- What is expected:
Go through the entries below and return every line that contains "Ford".

Excerpts from a dataset:
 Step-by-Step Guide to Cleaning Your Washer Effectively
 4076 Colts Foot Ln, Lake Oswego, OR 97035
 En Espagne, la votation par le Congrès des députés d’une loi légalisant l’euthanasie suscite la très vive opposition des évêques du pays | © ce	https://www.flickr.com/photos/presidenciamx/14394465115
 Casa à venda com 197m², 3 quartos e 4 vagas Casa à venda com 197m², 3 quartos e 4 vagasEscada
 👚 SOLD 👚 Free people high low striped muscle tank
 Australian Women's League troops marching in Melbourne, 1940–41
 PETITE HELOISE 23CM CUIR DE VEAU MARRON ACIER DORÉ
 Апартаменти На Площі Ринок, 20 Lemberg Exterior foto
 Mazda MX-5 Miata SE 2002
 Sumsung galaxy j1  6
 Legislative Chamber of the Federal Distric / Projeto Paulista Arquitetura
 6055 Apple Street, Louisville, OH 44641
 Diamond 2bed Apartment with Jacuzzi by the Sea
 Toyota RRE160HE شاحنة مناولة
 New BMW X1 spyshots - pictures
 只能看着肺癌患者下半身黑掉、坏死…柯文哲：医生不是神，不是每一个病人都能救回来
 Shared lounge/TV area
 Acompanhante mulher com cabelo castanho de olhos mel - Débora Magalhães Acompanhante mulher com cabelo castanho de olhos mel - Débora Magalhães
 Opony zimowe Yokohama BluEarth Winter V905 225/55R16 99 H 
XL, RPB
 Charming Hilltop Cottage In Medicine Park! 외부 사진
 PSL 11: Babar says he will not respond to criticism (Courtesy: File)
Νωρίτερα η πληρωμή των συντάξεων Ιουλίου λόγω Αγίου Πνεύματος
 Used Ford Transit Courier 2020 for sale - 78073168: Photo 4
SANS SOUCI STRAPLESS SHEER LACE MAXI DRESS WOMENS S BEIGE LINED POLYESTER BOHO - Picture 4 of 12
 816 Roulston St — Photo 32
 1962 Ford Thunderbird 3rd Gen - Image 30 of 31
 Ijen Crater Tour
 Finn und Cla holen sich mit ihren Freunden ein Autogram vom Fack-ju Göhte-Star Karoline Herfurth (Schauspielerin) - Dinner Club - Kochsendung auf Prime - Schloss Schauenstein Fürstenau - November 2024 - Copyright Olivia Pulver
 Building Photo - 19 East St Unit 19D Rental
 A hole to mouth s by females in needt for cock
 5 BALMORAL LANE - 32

- Problem solution:
 Used Ford Transit Courier 2020 for sale - 78073168: Photo 4
 1962 Ford Thunderbird 3rd Gen - Image 30 of 31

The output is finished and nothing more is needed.